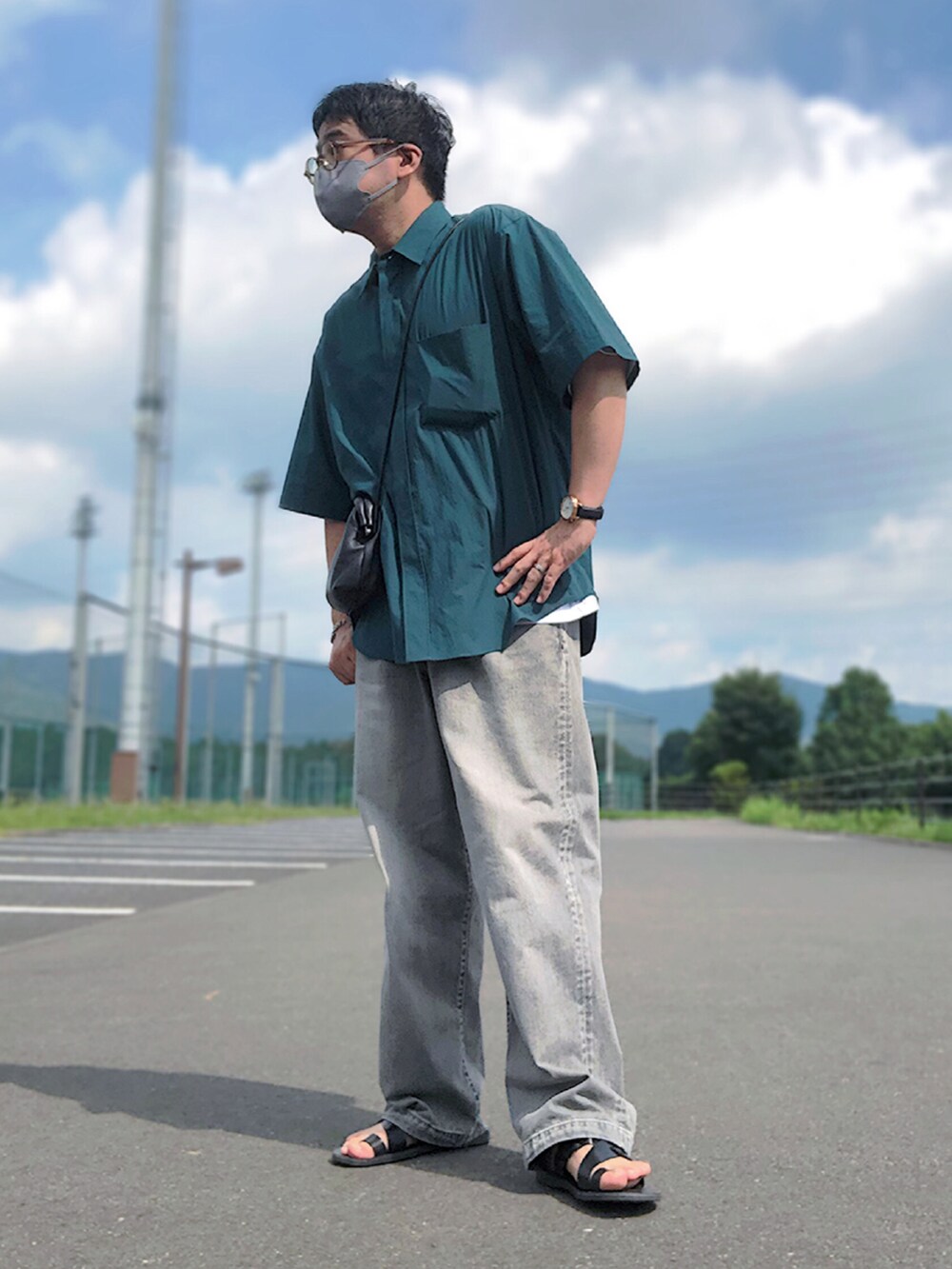 グリーン系のシャツ/ブラウス、ホワイト系のTシャツ/カットソー、ブラック系のショルダーバッグを着用したメンズの夏コーディネートの2枚目の写真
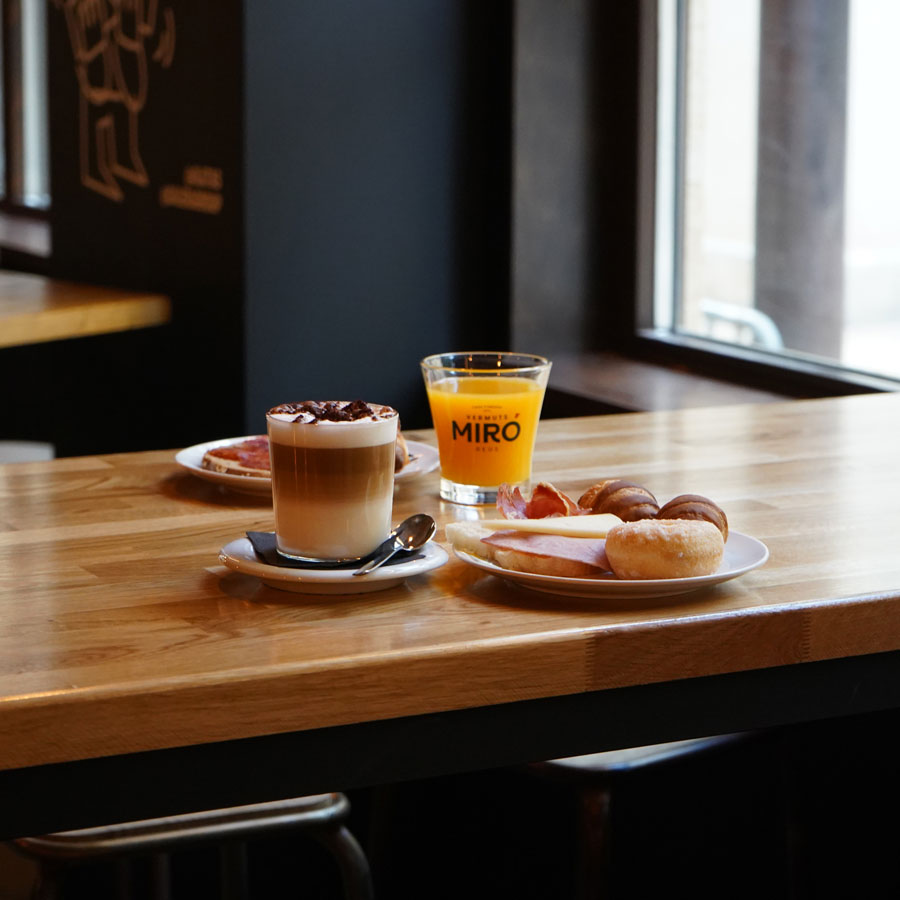 DSC09359 4 latas esmorzar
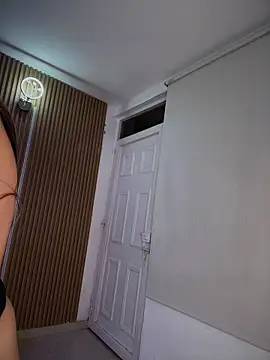 Snapshot of mia-rodrigues chatting on February 13, 4:19 am mia-rodrigues online show from February 13, 4:19 am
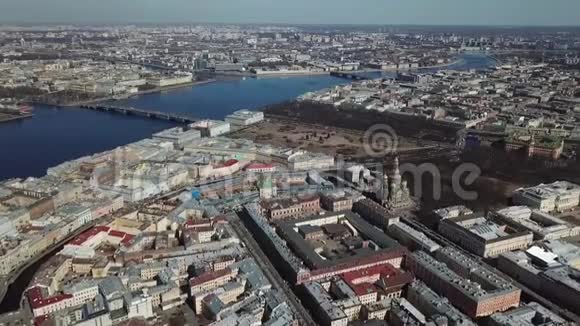 鸟瞰圣彼得堡市区涅瓦河桥梁等现代历史建筑圣视频的预览图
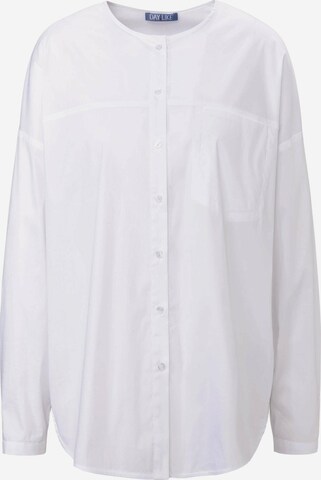 DAY.LIKE Blouse in White: front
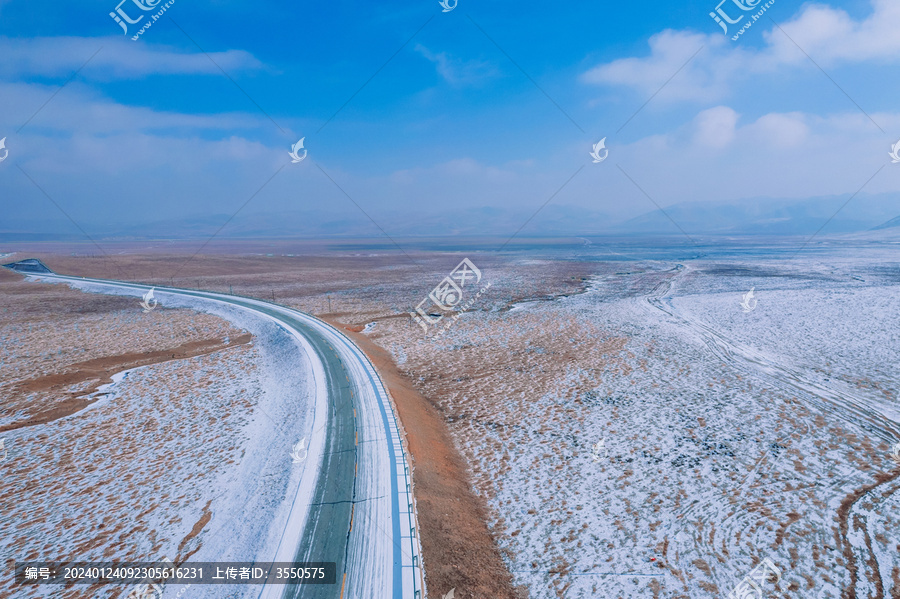 甘南藏族自治州桑科草原雪景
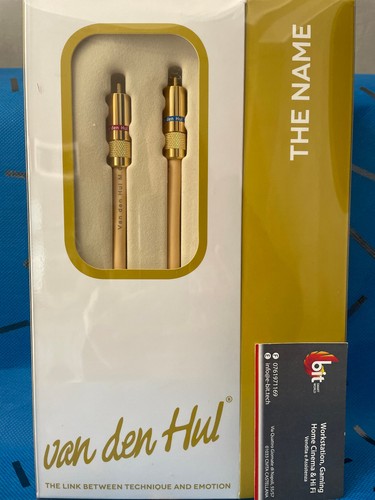 Van den hul the name - den, coppia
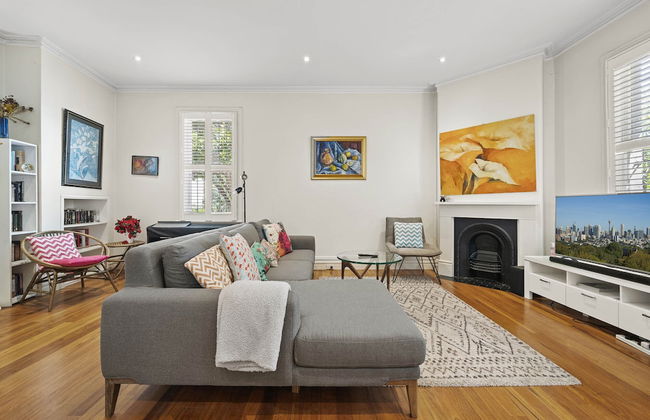 Light Filled Charming Townhouse - Foto 1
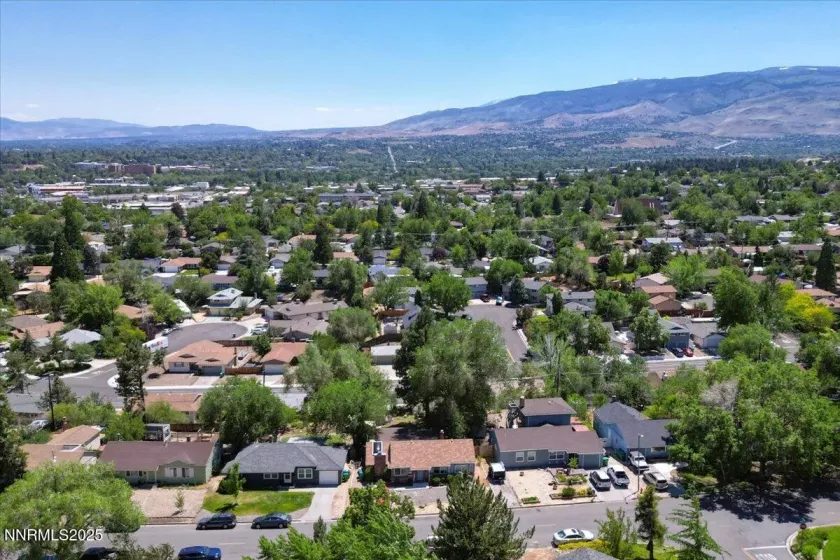 1375 Wesley, Reno, Nevada 89503, 4 Bedrooms Bedrooms, ,2 BathroomsBathrooms,Residential,Residential,Wesley,250051376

#### What the task asks
Exact copy, pictures omitted: every line from the one holding "Snapshot of mia-rodrigues" through the last line of the data above, and nothing else.

#### Task output
 Snapshot of mia-rodrigues chatting on February 13, 4:19 am mia-rodrigues online show from February 13, 4:19 am
 鸟瞰圣彼得堡市区涅瓦河桥梁等现代历史建筑圣视频的预览图
 DAY.LIKE Blouse in White: front
 甘南藏族自治州桑科草原雪景
 Van den hul the name - den, coppia
 Light Filled Charming Townhouse - Foto 1
 1375 Wesley, Reno, Nevada 89503, 4 Bedrooms Bedrooms, ,2 BathroomsBathrooms,Residential,Residential,Wesley,250051376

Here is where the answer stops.